-------- Supplied material

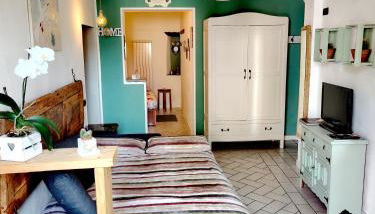 In Piazzetta - Cernobbio - Foto 4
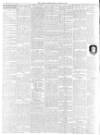 Dundee Courier Friday 14 January 1898 Page 4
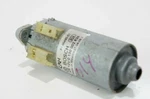 01-2006 Bmw X5 E53 Front Right Passenger Side Seat Adjustment Motor 0130002638. Fixed Price $33.18.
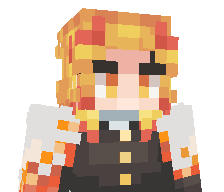 Minecraftble_'s skin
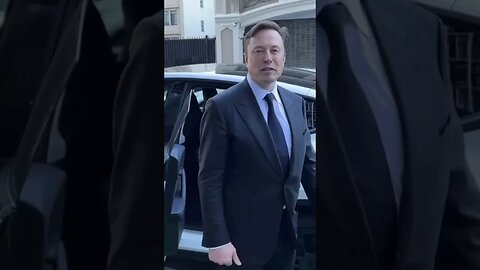 Elon Musk News | Not Guilty Verdict in Elon Musk's Tweet Trial |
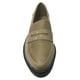 thumbnail image 3 of Mocasín Ecocuero ZAW67 Beige, 3 of 5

----------------

#### Exercise goal
Skip the pictures and reproduce all remaining entries exactly.

#### Response to the exercise
 In Piazzetta - Cernobbio - Foto 4
 Dundee Courier Friday 14 January 1898 Page 4
 01-2006 Bmw X5 E53 Front Right Passenger Side Seat Adjustment Motor 0130002638. Fixed Price $33.18.
 Minecraftble_'s skin
 Elon Musk News | Not Guilty Verdict in Elon Musk's Tweet Trial |
 thumbnail image 3 of Mocasín Ecocuero ZAW67 Beige, 3 of 5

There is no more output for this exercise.